# [What to do]
Only the lines from the beginning of the data through the line holding "Rumah Berkembar untuk" belong in the answer, printed exactly and without pictures.
::: Data extracts :::
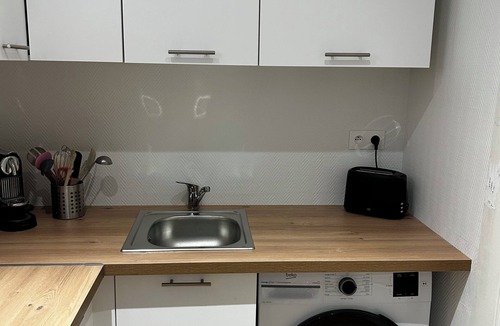 Arras Apartment | New 51 m² apartment for 4 people and 1 baby, with 1 secure parking lot.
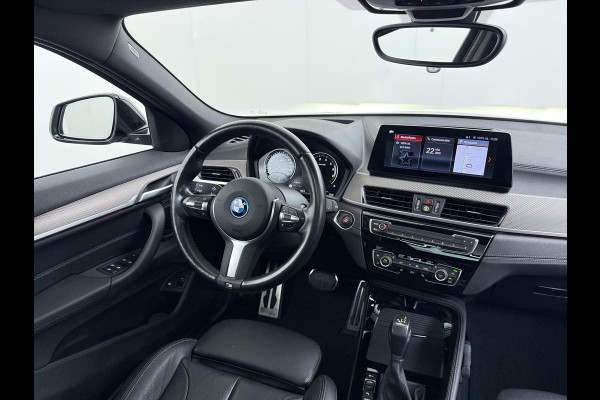 BMW X2 xDrive25e M SPORT Business Edition Plus VAN: 31.900,- VOOR: 29.330,- UW WKVOORDEEL: 2.570,- | BOMVOL | PHEV| PANO| NAP| STOEL + STUURVERWARMING| COMFORT ACCESS| ELEK. ACHTERKLEP| AFNEEMBARE TREKHAAK| HUD| ACHTERUITRIJCAMERA| APPLE CARPLAY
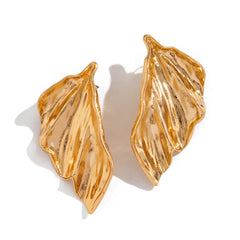 Leaf-inspired sculptural statement earring - Aolkir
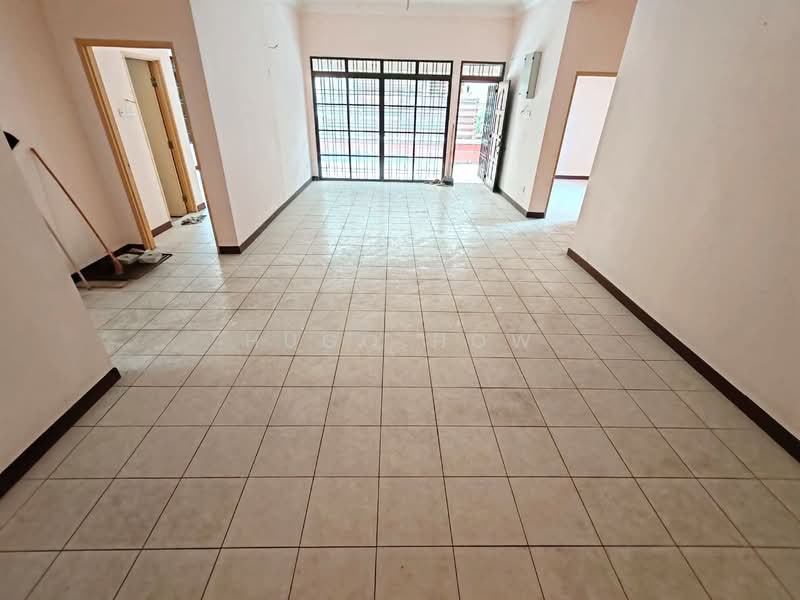 Rumah Berkembar untuk Dijual di Bandar Sri Damansara (Selangor) - Hugo How - Living Room - PropertyGuru.com.my
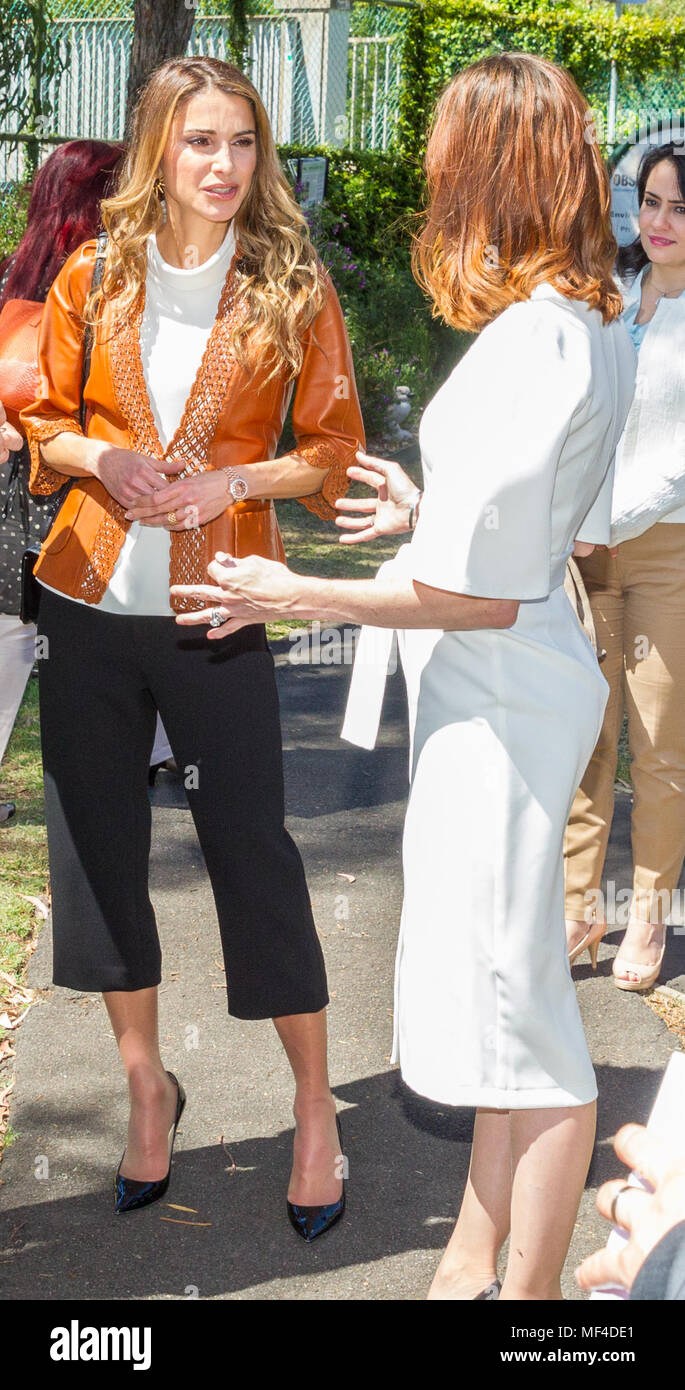 Ihre Majestät Königin Rania Al-Abdullah von Jordanien besuche Fort Street Public School in Sydney als Teil ihrer königlichen Besuch in Australien mit ihrem Ehemann, Seine Majestät König Abdullah II. Bin Al-Hussein, der erste jordanische König nur eine Frau haben. Stockfoto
:::
# [Problem solution]
 Arras Apartment | New 51 m² apartment for 4 people and 1 baby, with 1 secure parking lot.
 BMW X2 xDrive25e M SPORT Business Edition Plus VAN: 31.900,- VOOR: 29.330,- UW WKVOORDEEL: 2.570,- | BOMVOL | PHEV| PANO| NAP| STOEL + STUURVERWARMING| COMFORT ACCESS| ELEK. ACHTERKLEP| AFNEEMBARE TREKHAAK| HUD| ACHTERUITRIJCAMERA| APPLE CARPLAY
 Leaf-inspired sculptural statement earring - Aolkir
 Rumah Berkembar untuk Dijual di Bandar Sri Damansara (Selangor) - Hugo How - Living Room - PropertyGuru.com.my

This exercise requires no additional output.